**YOUR OBJECTIVE**
Without the pictures, retype each line below exactly as it stands.

**INFORMATION SUPPLIED**

[Start of section]

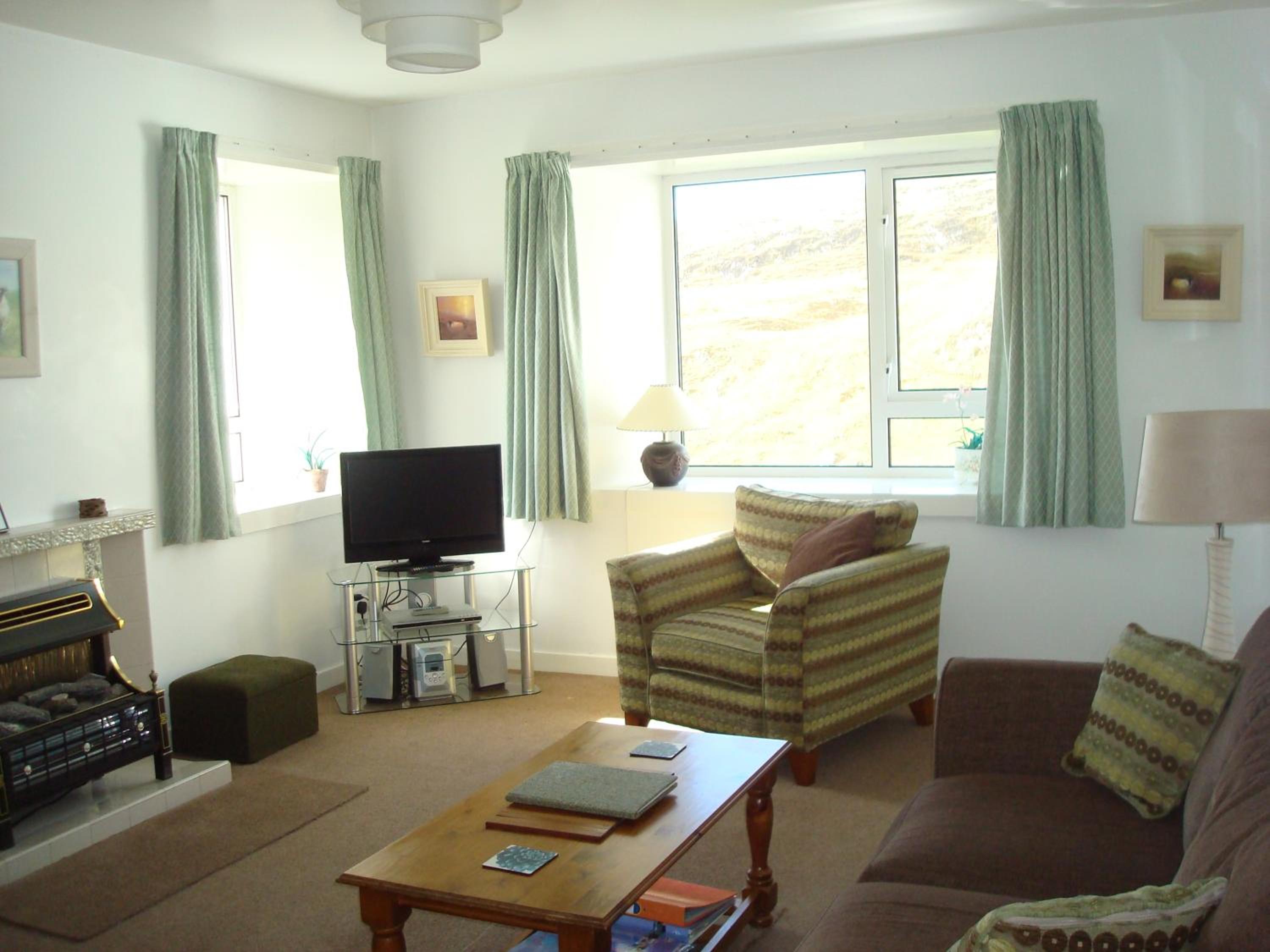 Two-Bedroom House photo 2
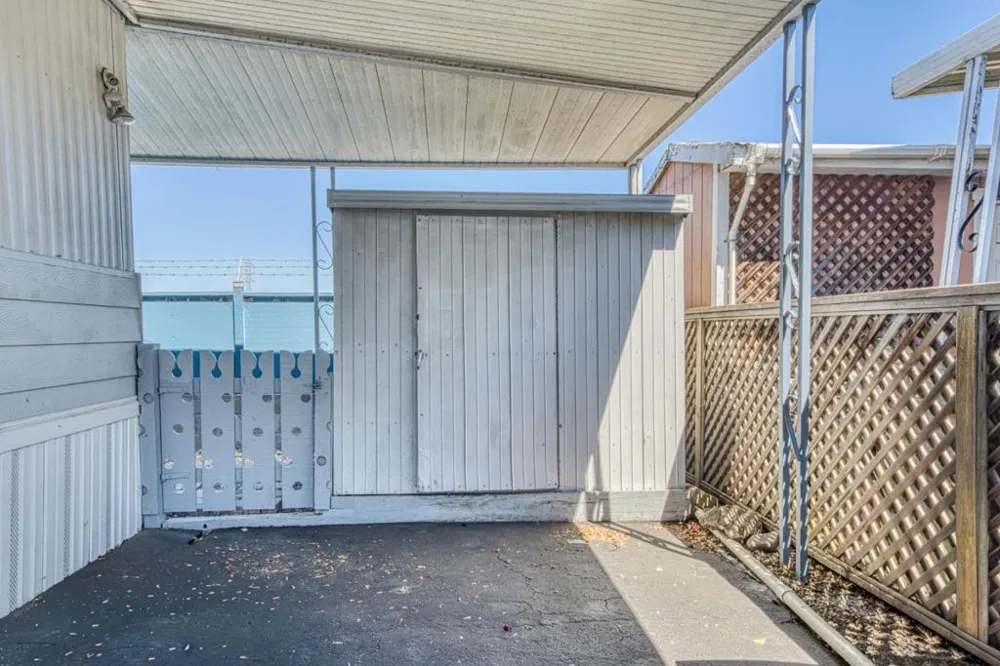 150 Kern Street #37 Salinas, CA 93905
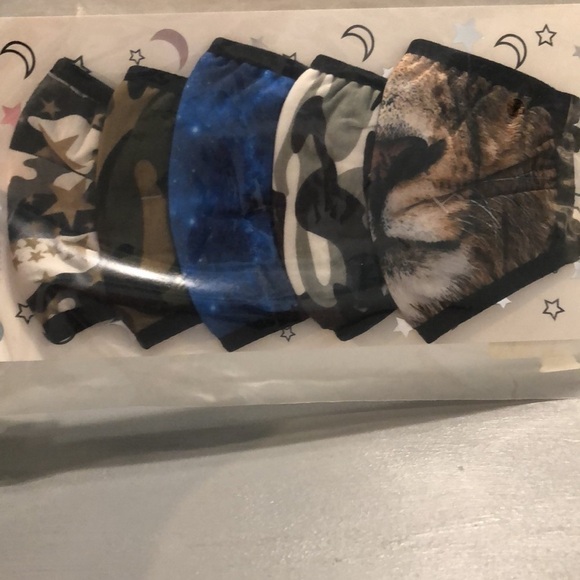 5/$13 Stars and dreamers New! 5 pack face masks - Picture 5 of 5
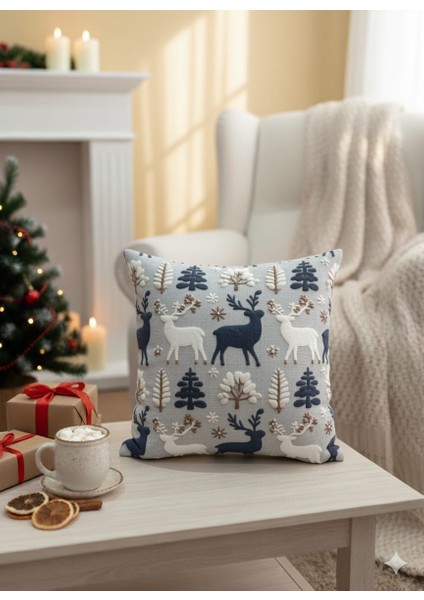 Yeni Yıl Konseptli 3D Nakış Efektli Mavi/ Beyaz Geyik Desenli Kırlent Kılıfı 43X43 ( Iç Dolgusuz)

[End of section]

**WRITTEN SOLUTION**
 Two-Bedroom House photo 2
 150 Kern Street #37 Salinas, CA 93905
 5/$13 Stars and dreamers New! 5 pack face masks - Picture 5 of 5
 Yeni Yıl Konseptli 3D Nakış Efektli Mavi/ Beyaz Geyik Desenli Kırlent Kılıfı 43X43 ( Iç Dolgusuz)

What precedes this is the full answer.